On every line of the listing, check for "wooden"; copy the lines that have it.

▶ **Material provided**:

============

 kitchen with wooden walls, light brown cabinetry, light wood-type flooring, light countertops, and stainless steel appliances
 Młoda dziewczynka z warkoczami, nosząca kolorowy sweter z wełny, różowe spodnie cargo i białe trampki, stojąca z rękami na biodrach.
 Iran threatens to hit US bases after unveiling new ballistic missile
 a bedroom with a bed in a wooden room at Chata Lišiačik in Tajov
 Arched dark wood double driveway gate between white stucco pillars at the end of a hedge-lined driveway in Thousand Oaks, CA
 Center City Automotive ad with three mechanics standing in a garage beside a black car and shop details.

============

▶ **The completed task**:
 kitchen with wooden walls, light brown cabinetry, light wood-type flooring, light countertops, and stainless steel appliances
 a bedroom with a bed in a wooden room at Chata Lišiačik in Tajov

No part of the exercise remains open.